Simple way to use .OGG bg music and .OGG sound effects ?

Do you mean you want to read an ogg file directly without using the content pipeline ? Because if you are new to programming, the pipeline is the simplest way to do it. Otherwise you wil’ have to use an external library and it will likely be more complex.

Basically, I want to use background music (song) without ending up with a .WMA file in the distributable version of the game. .WAV is too big, .MP3 is licensed, so .OGG seems to be the only alternative.

So yes, this probably means not using the Content Pipeline. That’s why I’m asking for help here… I wouldn’t bother you all if it were ‘simple’ to do or to google. :wink:

DesktopGL uses OGG as its native music streaming format. Using OGG for sound effects natively is not supported in MonoGame at this time, mainly because there could be many tens of sound effects playing at any one time, and each of those are usually short in duration. Decoding multiple OGG sounds at once could be computationally too expensive.

Ok, forget the sound thing… what about just playing background music?

What exactly is DesktopGL? I thought MonoGame was an alternative to using OpenGL, and now I have to use GL again, just for sound?

Please explain (newbie, remember?) :wink:

Can you not just build the ogg files as resources in your project?

(Then do you need a player class, are there different ones for openGL and DirectX?)

MonoGame uses a graphics API. On Windows it uses DirectX or OpenGL, depending on which version of MonoGame you reference. The DirectX version uses Windows Media Foundation, which does not support OGG. The DesktopGL version has code to support playback of OGG streaming music.

Ah, ok… then just one last question:

As it seems, I’ve installed the Monogame ‘DirectX’ version. Where exactly can I get the DesktopGL version, and how do I uninstall the MonoGame DirectX and replace it with the DesktopGL version? Or can I install and use them parallel?

And after the switch, can I then play .OGG like Load[Song], or will it still be converted?

All versions are installed, you just switch to which type (dx, or opengl) you want when creating the project under the IDE.

I think some people have a solution containing many projects, with each project targeting different platforms.

@Alkher:

Um… ok, then for a test, I would like to create a game that does NOT depend on Windows Media Foundation and uses a native .OGG file for background music, but still plays on Windows systems.

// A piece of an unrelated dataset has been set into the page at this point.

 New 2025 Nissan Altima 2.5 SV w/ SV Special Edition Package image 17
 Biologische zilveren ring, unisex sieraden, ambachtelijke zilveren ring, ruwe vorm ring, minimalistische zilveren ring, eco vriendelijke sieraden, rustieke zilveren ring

Where exactly do I switch the project? (Ive already selected 'MonoGame Windows Project, am I bound to it now?)

Newbie, please step-by-step…

I think create a new OpenGL project and copy everything across?

Might be a way to clone a project under a new template?

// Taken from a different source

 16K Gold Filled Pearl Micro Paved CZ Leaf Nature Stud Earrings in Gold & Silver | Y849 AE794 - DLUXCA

It might just entirely be one line, look at properties of your project file and conditional compiliation symbols in Build.

It can either be WINDOWS, LINUX etc.

Hm… it ‘might’? You mean I can’t create a Windows game that does not depend on Windows Media Foundation and uses .OGG? I have to select a specific system, and depending on that MonoGame chooses what to use?

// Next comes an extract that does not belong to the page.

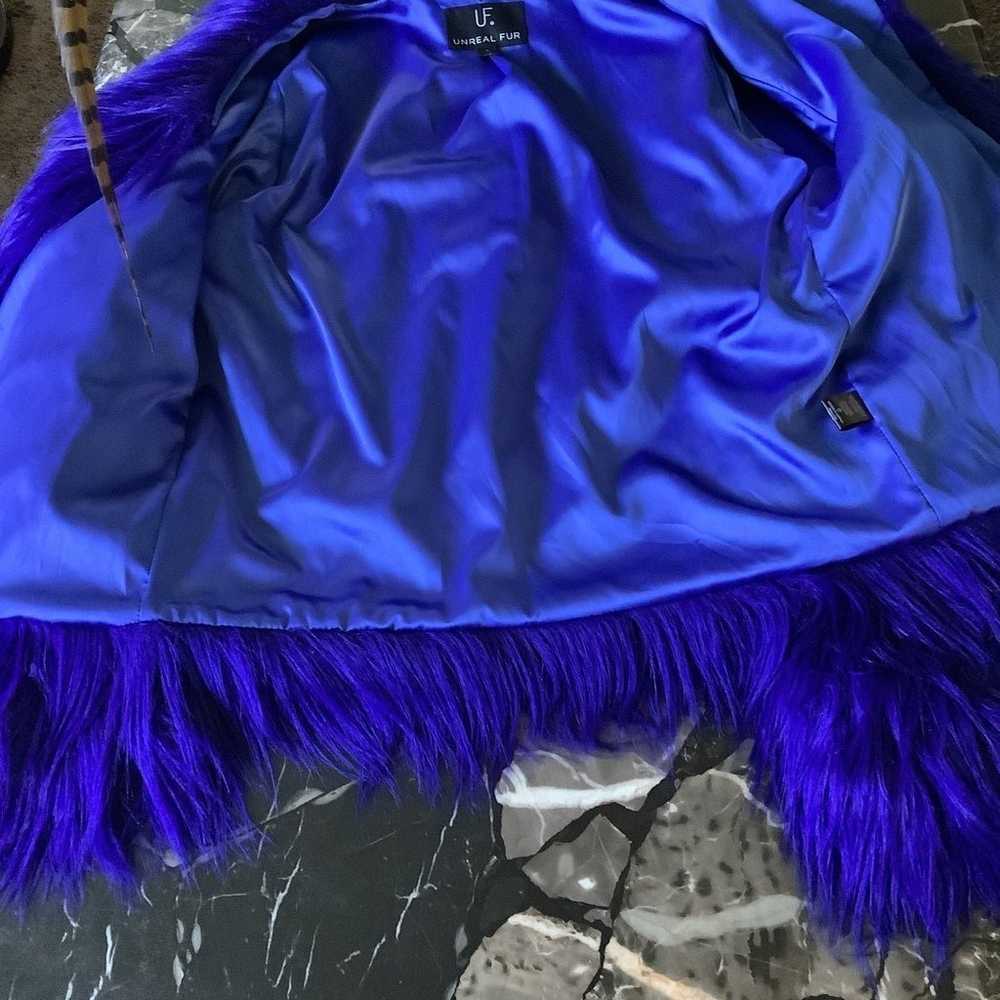 Unreal fur dream navy blue faux fur jacket size m - image 5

Not 100% sure but it sounds like

DirectX project = using WMF
OpenGL project = using ogg (and others?)

Would be interesting to find out how to do a DirectX project but still use the “openGL” variants of media etc.

(If you go through monogame source code you will see a lot of #if WINDOWS etc wrapping certain parts, so if using windows you might be stuck with directX and WMF)

So, what this seems to come down to - nobody can tell me a simple way to use native .OGG files in a Windows game?!

the content pipeline converts fbx to xnb, converts textures to a proper format and converts sound to a better format for gaming.

Why would you need to have an .ogg file in the output binary folder? Just curious.

Well, it would be nice to have just one format for all platforms…

… can .WMA be used freely in games? Or do people have to pay a fee to Microsoft?

Start a DesktopGL project and add your ogg to the content pipeline, then load it like kosmonaut said. If you already have a DX project, switch the MonoGame.Framework.Windows reference to MonoGame.Framework.WindowsGL, change the pipeline tool target platform and fix output directories first. An ogg processed for OpenGL is still really an ogg internally I think. The pipeline tool picks appropriate formats for content depending on the platorm you’re targeting. If you’re only targeting windows, switching to OpenGL just to get ogg files is not something i’d recommend…

Ok, sounds doable… will try that. :wink:

Thanks to everyone for the help, and the insights.

BTW, can .WMA be used freely for Windows projects, or do programmers have to pay a fee to Microsoft?

You can use it freely!

BTW, can .WMA be used freely for Windows projects, or do programmers have to pay a fee to Microsoft?

Our content pipeline only supports producing unencumbered formats. This means we produce WMA, M4A or OGG because there are no licensing requirements for distributing files in those formats. This is why we do not produce MP3 files. If a developer wants to use MP3, that is their choice, but we will not help a developer to violate licensing by producing files in those formats.